Les chiffres ont certes parlé. Mais lorsqu’on interroge les Gilets jaunes, force est de constater que la révolte, elle, n’est pas « en nette baisse ». Ils entendent poursuivre leur action semaine après semaine. Le phénomène ne sera pas un feu de paille. Le gouvernement en est conscient, d’où les très nombreuses arrestations d’animateurs et de porte-parole plus ou moins autoproclamés de cette fronde.
Structurer la colère ? Se constituer en parti politique, sur le modèle du « Mouvement 5 étoiles » italien ? Présenter une liste aux européennes, ou mieux aux municipales de 2020 ? Une chose est sûre : c’est toute une fraction de la population française qui se découvre une conscience politique, et ce mouvement inattendu, improvisé, va bouleverser en profondeur la société. Macron avait voulu opposer « progressistes » et « nationalistes » le 11 novembre dernier. Il n’imaginait certainement pas que la formule trouverait si vite son illustration.
« Effacer nos repères civilisationnels », « Nous priver de notre patrie charnelle »
Les concessions financières n’ont pas mis un terme à toutes les revendications, et en particulier à celles qu’une dizaine d’officiers supérieurs ont exprimées fortement, dans une adresse à Macron, après la signature par notre pays du calamiteux Pacte de Marrakech : « Vous ne pouvez pas décider seul d’effacer nos repères civilisationnels et de nous priver de notre patrie charnelle. »
Les drapeaux tricolores, ces Marseillaise chantées aux ronds-points correspondent à ce sentiment de dépossession patriotique. Les généraux insurgés ajoutent ceci : « Vous êtes comptable devant les Français de votre action. Votre élection ne constitue pas un blanc-seing. » Les nouvelles revendications des Gilets jaunes se situent largement sur ce terrain-là, désormais. Il y a le sentiment que la liberté d’expression a été confisquée et que le pouvoir (les pouvoirs) s’ingénie(nt) à empêcher une expression directe sur toute une série de questions. Par exemple l’accord de Marrakech. Par exemple l’immigration.
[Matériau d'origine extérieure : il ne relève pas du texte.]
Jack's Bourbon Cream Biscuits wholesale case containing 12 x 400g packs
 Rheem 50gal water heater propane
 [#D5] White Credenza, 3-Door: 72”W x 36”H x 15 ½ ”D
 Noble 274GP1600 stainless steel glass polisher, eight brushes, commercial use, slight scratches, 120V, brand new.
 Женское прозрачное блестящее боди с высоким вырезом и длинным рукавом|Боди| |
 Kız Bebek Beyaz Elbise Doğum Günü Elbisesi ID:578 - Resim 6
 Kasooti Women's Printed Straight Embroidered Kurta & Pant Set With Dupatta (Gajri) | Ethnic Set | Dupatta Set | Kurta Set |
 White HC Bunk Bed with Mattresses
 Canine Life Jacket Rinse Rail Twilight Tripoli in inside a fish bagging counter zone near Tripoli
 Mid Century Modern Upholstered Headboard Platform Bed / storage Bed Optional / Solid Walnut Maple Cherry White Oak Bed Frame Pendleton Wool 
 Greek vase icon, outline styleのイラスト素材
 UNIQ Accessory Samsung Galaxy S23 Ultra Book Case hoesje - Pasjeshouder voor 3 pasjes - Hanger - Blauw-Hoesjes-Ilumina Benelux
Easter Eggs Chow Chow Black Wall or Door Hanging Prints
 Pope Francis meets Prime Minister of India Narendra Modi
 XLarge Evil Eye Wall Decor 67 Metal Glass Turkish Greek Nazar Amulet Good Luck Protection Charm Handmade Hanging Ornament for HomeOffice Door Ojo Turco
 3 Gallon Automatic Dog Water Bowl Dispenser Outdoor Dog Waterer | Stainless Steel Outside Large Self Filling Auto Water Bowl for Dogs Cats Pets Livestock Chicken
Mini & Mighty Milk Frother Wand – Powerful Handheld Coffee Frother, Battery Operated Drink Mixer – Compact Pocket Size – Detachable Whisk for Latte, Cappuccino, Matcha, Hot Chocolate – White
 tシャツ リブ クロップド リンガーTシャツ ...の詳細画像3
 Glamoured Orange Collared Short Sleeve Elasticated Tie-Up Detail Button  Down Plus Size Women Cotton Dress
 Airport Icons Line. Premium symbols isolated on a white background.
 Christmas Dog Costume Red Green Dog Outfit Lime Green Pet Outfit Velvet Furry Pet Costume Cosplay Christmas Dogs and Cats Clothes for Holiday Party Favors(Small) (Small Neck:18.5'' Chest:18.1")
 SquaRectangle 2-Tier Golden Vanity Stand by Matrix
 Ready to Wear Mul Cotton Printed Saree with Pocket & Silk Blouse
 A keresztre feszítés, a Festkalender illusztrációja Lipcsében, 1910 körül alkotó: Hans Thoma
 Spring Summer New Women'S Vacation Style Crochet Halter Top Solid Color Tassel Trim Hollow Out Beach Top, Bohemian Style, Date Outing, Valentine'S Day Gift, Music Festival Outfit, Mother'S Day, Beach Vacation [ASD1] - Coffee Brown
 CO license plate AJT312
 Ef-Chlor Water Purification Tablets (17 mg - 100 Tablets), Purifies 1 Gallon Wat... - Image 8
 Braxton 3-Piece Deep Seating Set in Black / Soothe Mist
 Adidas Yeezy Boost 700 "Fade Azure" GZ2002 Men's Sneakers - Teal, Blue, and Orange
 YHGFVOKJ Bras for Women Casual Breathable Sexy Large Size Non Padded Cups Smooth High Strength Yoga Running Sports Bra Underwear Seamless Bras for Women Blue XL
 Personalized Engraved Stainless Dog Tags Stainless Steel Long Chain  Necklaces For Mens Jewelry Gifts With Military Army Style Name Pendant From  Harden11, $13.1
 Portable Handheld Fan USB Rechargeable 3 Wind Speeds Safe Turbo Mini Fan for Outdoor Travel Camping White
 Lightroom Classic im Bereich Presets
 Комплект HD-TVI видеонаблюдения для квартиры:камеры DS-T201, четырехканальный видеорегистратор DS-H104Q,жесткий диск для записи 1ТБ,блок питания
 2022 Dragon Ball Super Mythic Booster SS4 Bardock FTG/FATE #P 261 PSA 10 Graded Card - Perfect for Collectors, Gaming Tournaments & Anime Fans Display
D’où cette revendication – qui rencontre l’assentiment de 75% des Français – pour un vrai droit au référendum, droit confisqué jusqu’à présent, comme on l’a vu sur le « mariage » homo.
Même les « quenelles » de Gilets jaunes à Montmartre, ou autres pancartes plus ou moins heureuses, montrent à leur façon une exigence de liberté de pensée et de parole, alors que cette liberté se restreint constamment. Dans le livre du professeur de Harvard (et de gauche, bien entendu) Yascha Mounk, Le Peuple contre la démocratie, consacré au populisme, et dont tout le monde parle actuellement (à gauche), celui-ci écrit notamment : « Quand 58 % des Suisses ont voté l’interdiction de bâtir des minarets il y a de ça quelques années, beaucoup de journaux français ont critiqué cette mesure au prétexte qu’elle n’était pas démocratique. C’est selon moi une confusion dans les termes. En grec, la démocratie est le pouvoir du peuple. Aujourd’hui encore, il y a au cœur de la notion de démocratie telle que la comprend le citoyen ordinaire cette idée qu’il a son mot à dire sur la direction du pays. » Les Gilets jaunes ne pensent ni ne disent pas autre chose.